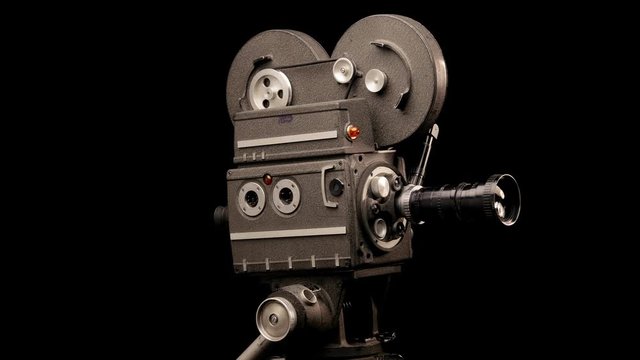 Movie Camera in Front of Black Backdrop.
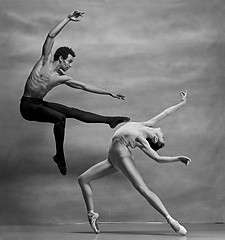 Image showing Couple of ballet dancers posing over gray background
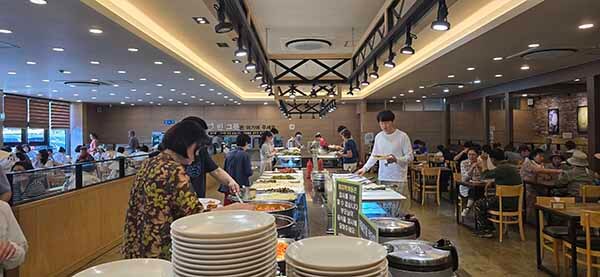 뷔페 코너 앞에서 음식 고르는 손님들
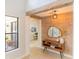 Stylish entryway featuring a wood accent wall and console table at 10483 Kristen Park Dr, Orlando, FL 32832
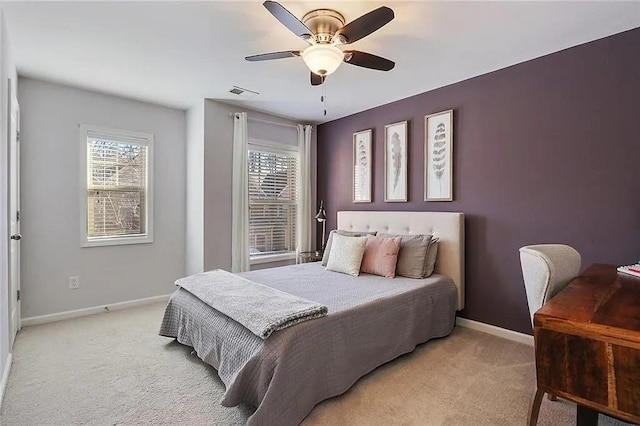 bedroom featuring ceiling fan and light colored carpet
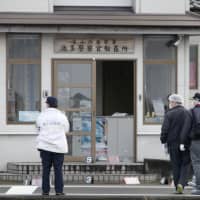 A 22-year-old man was arrested Thursday for attempted murder after he attacked an officer at this police substation in the city of Toyama. | KYODO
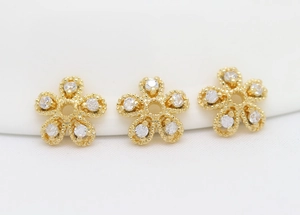 Macro shot of three gold plated flower bead caps with zircon crystals for DIY jewelry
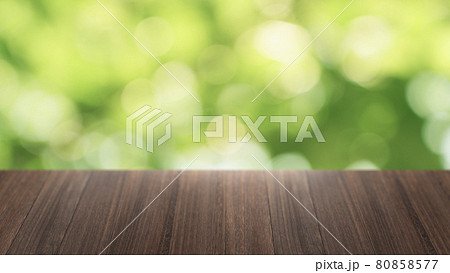 wood table top on green bokeh abstract background wood table top on green bokeh abstract background 80858577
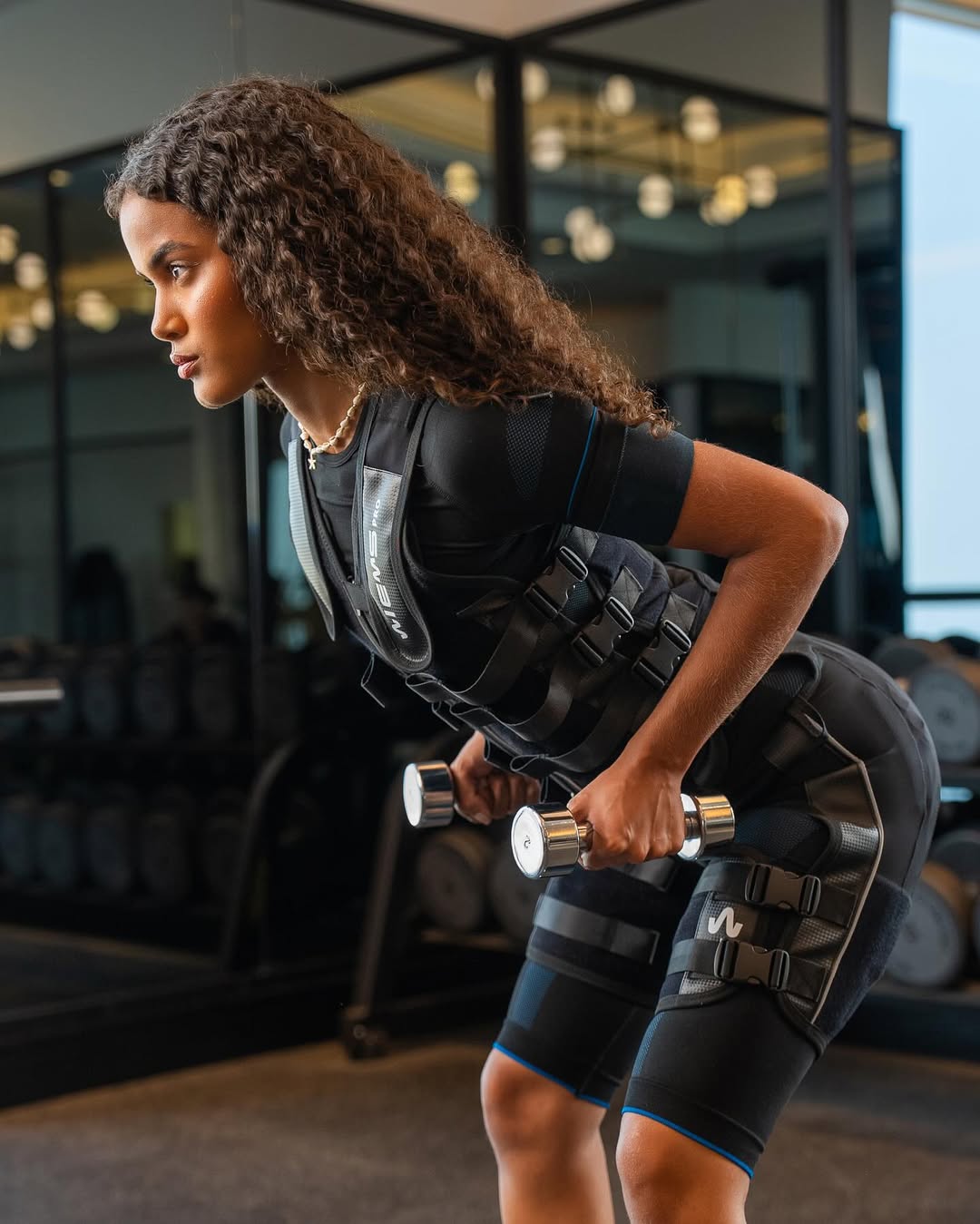 Woman training with dumbbells in an EMS suit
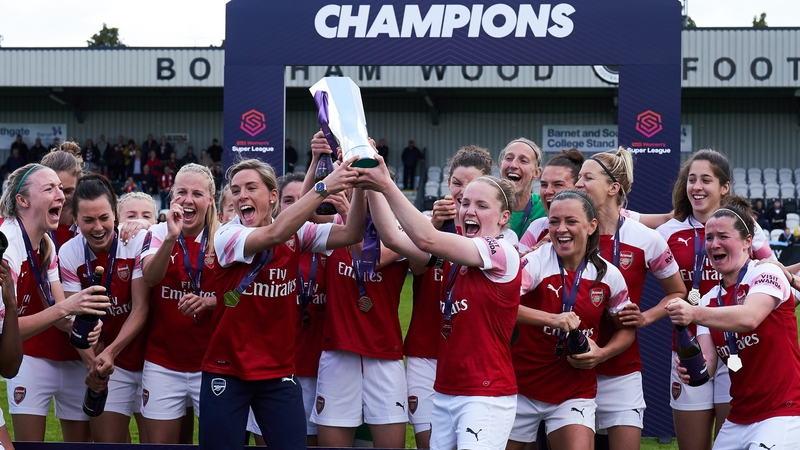 Arsenal's Kim Little (holding trophy on right) won the Super League alongside Irish pair Louise Quinn and Katie McCabe last season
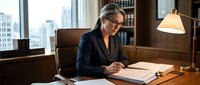 Professional mature businesswoman with glasses reviewing documents at wooden desk in modern office with city view and warm lighting for corporate presentations.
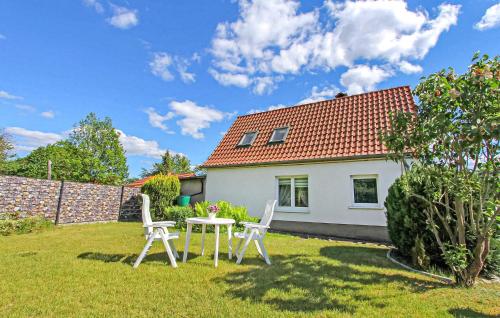 un jardín con 2 sillas y una mesa frente a una casa en Ferienhaus Rheinsberg, en Kleinzerlang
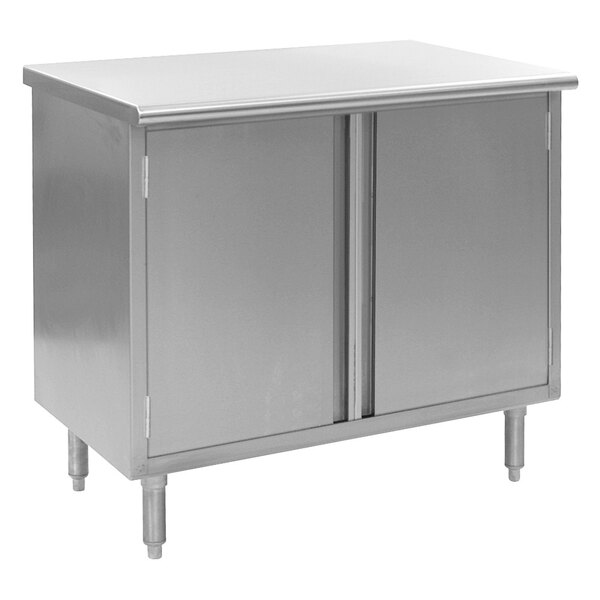 A stainless steel cabinet with two doors under a white surface.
□ □ □ □ □ □ □
Would you please reproduce verbatim the run of lines that opens the listing and ends with the line holding "Professional mature businesswoman", and only that run, leaving every picture out?

Response below
 Movie Camera in Front of Black Backdrop.
 Image showing Couple of ballet dancers posing over gray background
 뷔페 코너 앞에서 음식 고르는 손님들
 Stylish entryway featuring a wood accent wall and console table at 10483 Kristen Park Dr, Orlando, FL 32832
 bedroom featuring ceiling fan and light colored carpet
 A 22-year-old man was arrested Thursday for attempted murder after he attacked an officer at this police substation in the city of Toyama. | KYODO
 Macro shot of three gold plated flower bead caps with zircon crystals for DIY jewelry
 wood table top on green bokeh abstract background wood table top on green bokeh abstract background 80858577
 Woman training with dumbbells in an EMS suit
 Arsenal's Kim Little (holding trophy on right) won the Super League alongside Irish pair Louise Quinn and Katie McCabe last season
 Professional mature businesswoman with glasses reviewing documents at wooden desk in modern office with city view and warm lighting for corporate presentations.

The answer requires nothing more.